I'm loving WinRT so far. It's a beautiful way to develop modern apps. It's the biggest and best change to come to developers in some time. I won't talk about lock-down, the Windows Store, or Windows 8 paradigm shifts in general today, but I will talk about WinRT, Async, and .Net!
The Async Framework came before WinRT of course, but its amazing integration has come with the new framework. I love the fact that all of the potentially blocking methods are now exposed as asyncronous methods. The IAsyncOperation return type, which is returned from these methods, can be easily awaited to avoid the hassle of callbacks, and for .Net integration, you can always use the AsTask() extension method (though you'll often not need to).
Background operations often require two important things: the ability to cancel them from other threads, and the ability to report progress. Both of these needs are easily addressed using the CancellationToken object and IProgress<> interface. Strangely, from .Net you need to first get the Task adapter, but then you can just pass the CancellationToken to operations, and then call Cancel() method from another thread (often the UI thread).
Progress is a little bit trickier since most framework methods don't have direct support for it. Adding progress reporting to your own methods is almost trivial though. Instead of being limited to simple integer-based progress (like in the older BackgroundWorker class), you can use anything you want since you create your progress handler with a generic type. You can simply return a string to directly display, a number out of 100, or a complex custom object that reports per-item, batch-level, and other information in each report, then write your own code for what to do when the reports come in.

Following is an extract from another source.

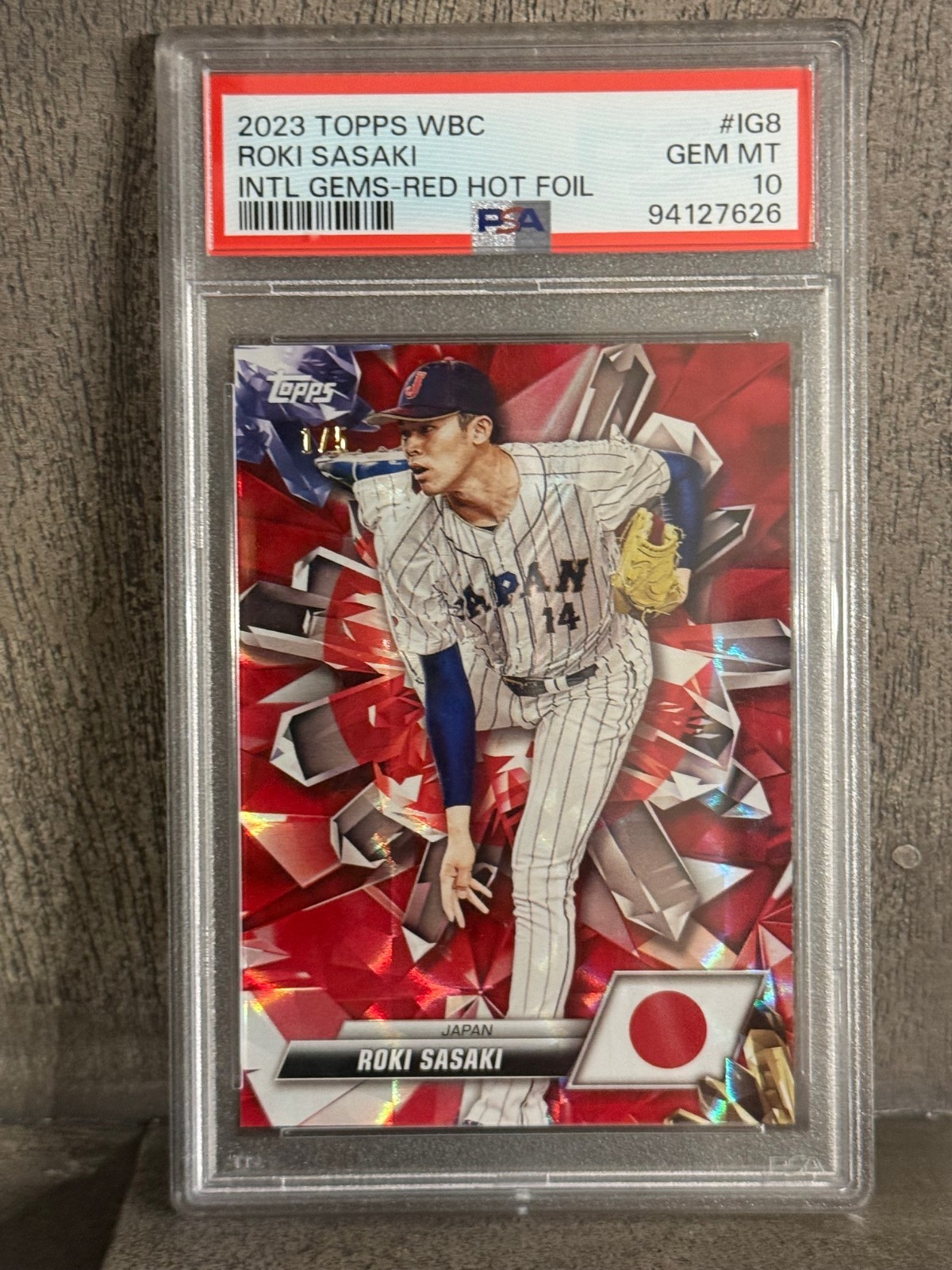 2023 World Baseball Classic Topps Red Foil 5/5 Roki Sasaki – GEM MT 10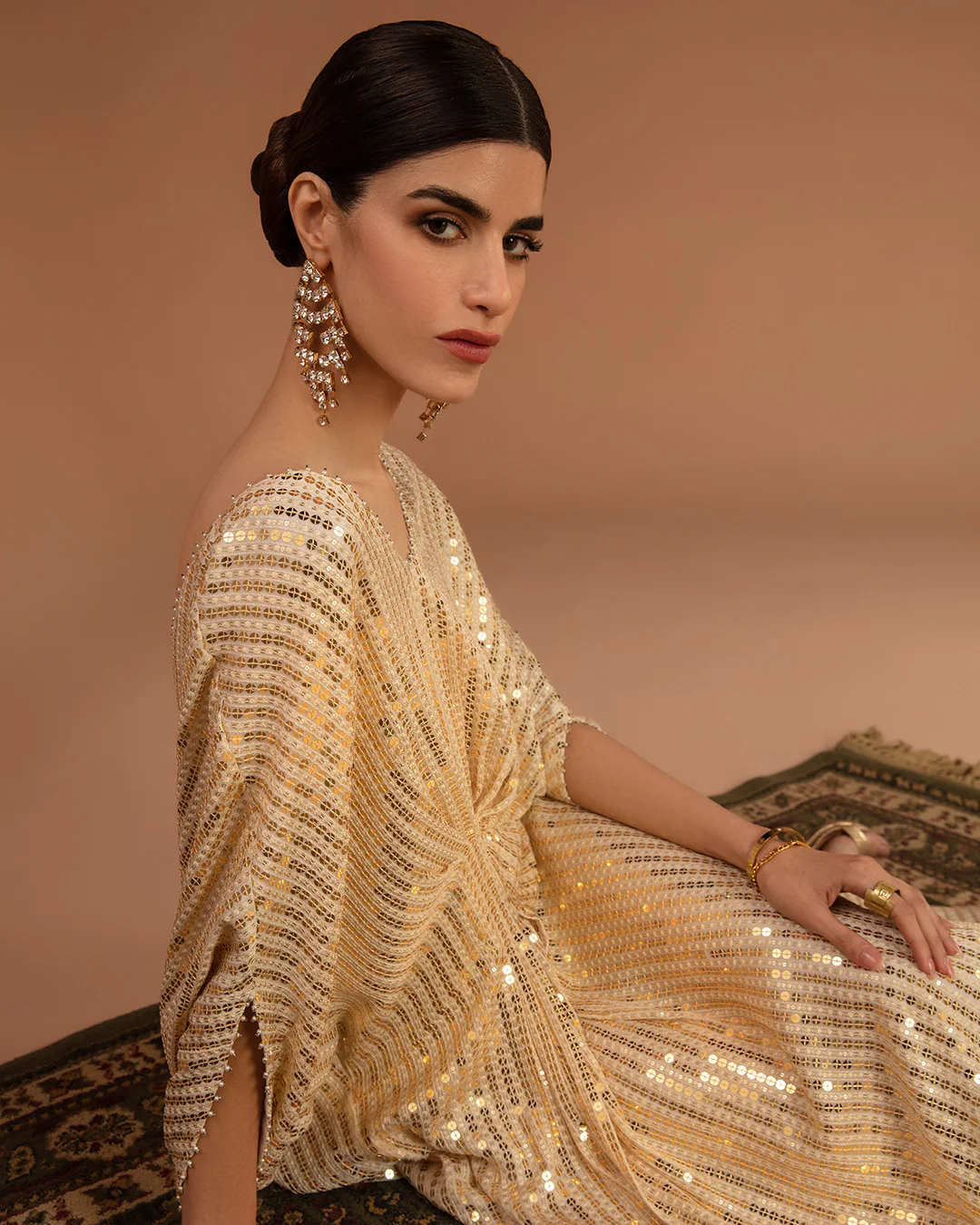 Selena Gold Sequin Georgette Kaftan Dress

Handling cancellation in your own methods works one of two ways: you can either check to see if cancellation has been cancelled and clean up before throwing the TaskCanceledException, or call the ThrowIfCancellationRequested() method if you don't have any last requests.
The await and async keywords are some amazing compiler trickery. Having written callbacks for asynchronous code for years, it's so refreshing. There's just a tiny bit of mind-bending the first time, but the picture becomes clear pretty quickly! Basically, ignore the async part of it all unless you have special needs. You can always choose not to await, or to wait on more than one operation to complete, or to wait until the first of a group of operations completes, but even these special cases don't really mess things up. Once you learn the new commands you'll be productive quickly.
It's funny. Thinking through how the async features work with return values, exception handling, and the generated state machines, it's not that hard to imagine making it work from scratch. Of course, things are always so much more obvious once you see how they work!
I have some videos coming out soon that walk through some async scenarios. I'll post the links then. In the meantime, grab Windows 8 and Visual Studio 2012 and start figuring it out!